BANDUNG,FOKUSJabar.id: Kantor Kementerian Haji dan Umrah (Kemenhaj) Kota Bandung mengimbau para calon jemaah haji untuk menjaga stamina sejak menginjakkan kaki di Tanah Suci. Langkah antisipatif ini bertujuan agar para jemaah memiliki kondisi fisik yang prima saat menghadapi puncak ibadah haji nantinya.
Kepala Kantor Kemenhaj Kota Bandung, Andi M. Arief, meminta para jemaah untuk cerdas dalam menghemat energi. Ia mengimbau jemaah agar tidak memaksakan diri melakukan aktivitas fisik yang berlebihan pada awal kedatangan, baik saat berada di Madinah maupun di Mekah.
Baca Juga: Krisis Sampah Kota Bandung, DPRD Desak Pemkot Buka Ruang Alternatif
“Poin paling utama adalah menjaga kesehatan dan kebugaran, karena ibadah haji ini mayoritas mengandalkan kekuatan fisik,” ujar Andi, Selasa (5/5/2026).
Kunci Sukses Ibadah Haji
Andi menjelaskan pengelolaan stamina yang baik menjadi kunci utama agar jemaah mampu menyelesaikan seluruh rangkaian rukun dan wajib haji secara optimal.
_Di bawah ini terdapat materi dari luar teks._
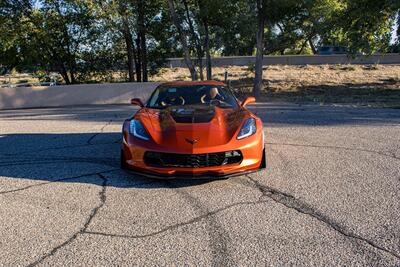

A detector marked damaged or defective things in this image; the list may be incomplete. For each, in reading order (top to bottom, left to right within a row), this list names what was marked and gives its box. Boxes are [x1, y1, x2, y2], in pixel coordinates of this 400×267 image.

crack in pavement [0, 170, 117, 197]
crack in pavement [26, 173, 108, 266]
cracked asphalt [0, 103, 400, 266]
crack in pavement [238, 176, 400, 262]
crack in pavement [266, 142, 400, 161]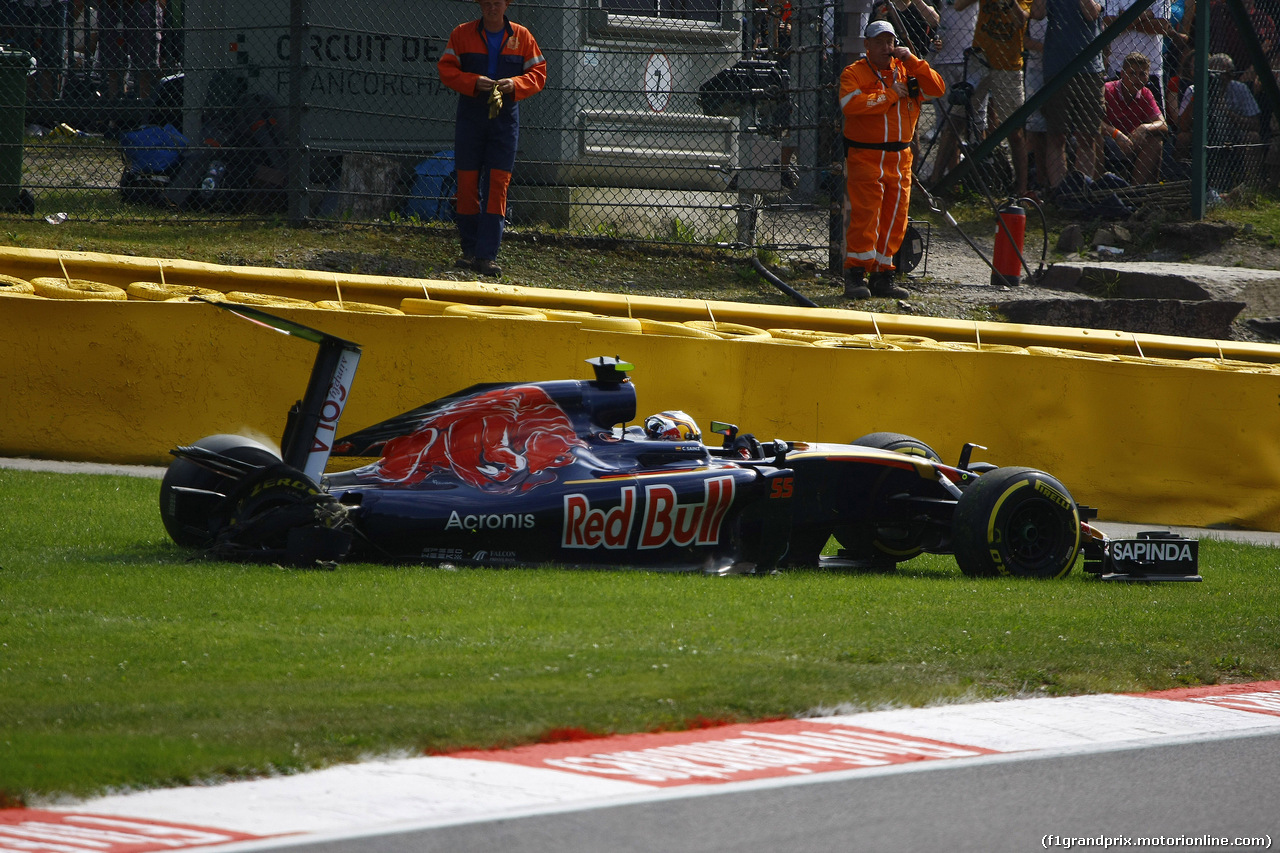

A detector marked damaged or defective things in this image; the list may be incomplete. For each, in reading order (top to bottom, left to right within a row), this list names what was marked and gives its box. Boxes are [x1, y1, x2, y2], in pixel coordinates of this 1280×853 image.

Dengan disiplin menjaga kondisi tubuh, jemaah akan benar-benar siap menghadapi puncak prosesi haji, baik secara fisik maupun mental.
Di samping memberikan imbauan kesehatan, Andi juga memastikan bahwa proses keberangkatan jemaah haji asal Kota Bandung sejauh ini berlangsung tanpa kendala. Panitia penyelenggara telah memberangkatkan dua kelompok terbang (kloter) pertama dengan sangat lancar.
Kondisi Jemaah di Madinah dan Mekah
Pihak Kemenhaj Bandung melaporkan bahwa satu kloter jemaah kini sudah tiba di Mekah. Sementara satu kloter lainnya masih menjalani aktivitas ibadah di Madinah. Petugas di lapangan terus memantau keadaan para jemaah dan melaporkan seluruhnya berada dalam kondisi sehat serta tidak mengalami kendala administratif.
“Semua perkembangan terpantau berjalan lancar, baik dari aspek dokumen administrasi maupun kondisi kesehatan para jemaah. Tentu kami sangat mensyukuri kelancaran ini,” pungkas Andi.